___ Excerpted records ___
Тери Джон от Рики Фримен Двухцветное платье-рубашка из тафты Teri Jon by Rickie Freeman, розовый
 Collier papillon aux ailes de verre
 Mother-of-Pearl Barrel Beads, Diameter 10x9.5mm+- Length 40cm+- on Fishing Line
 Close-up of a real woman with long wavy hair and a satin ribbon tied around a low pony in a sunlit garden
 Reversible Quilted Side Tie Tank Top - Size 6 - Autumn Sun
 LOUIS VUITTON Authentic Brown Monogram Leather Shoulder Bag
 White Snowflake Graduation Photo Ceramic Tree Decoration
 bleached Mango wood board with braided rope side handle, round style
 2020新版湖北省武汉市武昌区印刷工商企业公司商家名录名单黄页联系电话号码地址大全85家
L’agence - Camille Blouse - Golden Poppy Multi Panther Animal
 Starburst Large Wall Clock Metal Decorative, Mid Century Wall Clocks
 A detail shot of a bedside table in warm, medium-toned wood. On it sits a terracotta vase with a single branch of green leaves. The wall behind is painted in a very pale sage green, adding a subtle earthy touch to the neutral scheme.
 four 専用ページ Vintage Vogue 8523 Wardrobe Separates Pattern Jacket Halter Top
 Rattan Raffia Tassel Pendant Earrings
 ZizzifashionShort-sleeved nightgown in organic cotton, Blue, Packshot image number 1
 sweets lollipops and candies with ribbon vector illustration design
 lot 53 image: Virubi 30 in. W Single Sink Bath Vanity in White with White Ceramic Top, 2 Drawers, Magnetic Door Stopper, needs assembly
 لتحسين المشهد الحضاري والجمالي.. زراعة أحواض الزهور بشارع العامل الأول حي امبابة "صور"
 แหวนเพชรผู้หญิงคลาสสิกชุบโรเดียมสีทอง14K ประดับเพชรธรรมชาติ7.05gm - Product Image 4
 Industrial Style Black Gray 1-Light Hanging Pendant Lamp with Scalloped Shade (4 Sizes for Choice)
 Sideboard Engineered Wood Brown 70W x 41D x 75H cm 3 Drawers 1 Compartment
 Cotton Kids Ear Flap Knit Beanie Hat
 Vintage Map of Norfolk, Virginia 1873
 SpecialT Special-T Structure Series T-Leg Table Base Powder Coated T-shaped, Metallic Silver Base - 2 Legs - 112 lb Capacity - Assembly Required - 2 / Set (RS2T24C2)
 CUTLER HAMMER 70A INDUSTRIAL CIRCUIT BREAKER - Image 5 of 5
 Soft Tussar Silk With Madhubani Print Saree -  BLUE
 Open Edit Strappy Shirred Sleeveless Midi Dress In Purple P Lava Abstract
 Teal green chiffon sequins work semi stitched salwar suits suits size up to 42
___
All the data above should be restated in full, exactly.

Your solution:
Тери Джон от Рики Фримен Двухцветное платье-рубашка из тафты Teri Jon by Rickie Freeman, розовый
 Collier papillon aux ailes de verre
 Mother-of-Pearl Barrel Beads, Diameter 10x9.5mm+- Length 40cm+- on Fishing Line
 Close-up of a real woman with long wavy hair and a satin ribbon tied around a low pony in a sunlit garden
 Reversible Quilted Side Tie Tank Top - Size 6 - Autumn Sun
 LOUIS VUITTON Authentic Brown Monogram Leather Shoulder Bag
 White Snowflake Graduation Photo Ceramic Tree Decoration
 bleached Mango wood board with braided rope side handle, round style
 2020新版湖北省武汉市武昌区印刷工商企业公司商家名录名单黄页联系电话号码地址大全85家
L’agence - Camille Blouse - Golden Poppy Multi Panther Animal
 Starburst Large Wall Clock Metal Decorative, Mid Century Wall Clocks
 A detail shot of a bedside table in warm, medium-toned wood. On it sits a terracotta vase with a single branch of green leaves. The wall behind is painted in a very pale sage green, adding a subtle earthy touch to the neutral scheme.
 four 専用ページ Vintage Vogue 8523 Wardrobe Separates Pattern Jacket Halter Top
 Rattan Raffia Tassel Pendant Earrings
 ZizzifashionShort-sleeved nightgown in organic cotton, Blue, Packshot image number 1
 sweets lollipops and candies with ribbon vector illustration design
 lot 53 image: Virubi 30 in. W Single Sink Bath Vanity in White with White Ceramic Top, 2 Drawers, Magnetic Door Stopper, needs assembly
 لتحسين المشهد الحضاري والجمالي.. زراعة أحواض الزهور بشارع العامل الأول حي امبابة "صور"
 แหวนเพชรผู้หญิงคลาสสิกชุบโรเดียมสีทอง14K ประดับเพชรธรรมชาติ7.05gm - Product Image 4
 Industrial Style Black Gray 1-Light Hanging Pendant Lamp with Scalloped Shade (4 Sizes for Choice)
 Sideboard Engineered Wood Brown 70W x 41D x 75H cm 3 Drawers 1 Compartment
 Cotton Kids Ear Flap Knit Beanie Hat
 Vintage Map of Norfolk, Virginia 1873
 SpecialT Special-T Structure Series T-Leg Table Base Powder Coated T-shaped, Metallic Silver Base - 2 Legs - 112 lb Capacity - Assembly Required - 2 / Set (RS2T24C2)
 CUTLER HAMMER 70A INDUSTRIAL CIRCUIT BREAKER - Image 5 of 5
 Soft Tussar Silk With Madhubani Print Saree -  BLUE
 Open Edit Strappy Shirred Sleeveless Midi Dress In Purple P Lava Abstract
 Teal green chiffon sequins work semi stitched salwar suits suits size up to 42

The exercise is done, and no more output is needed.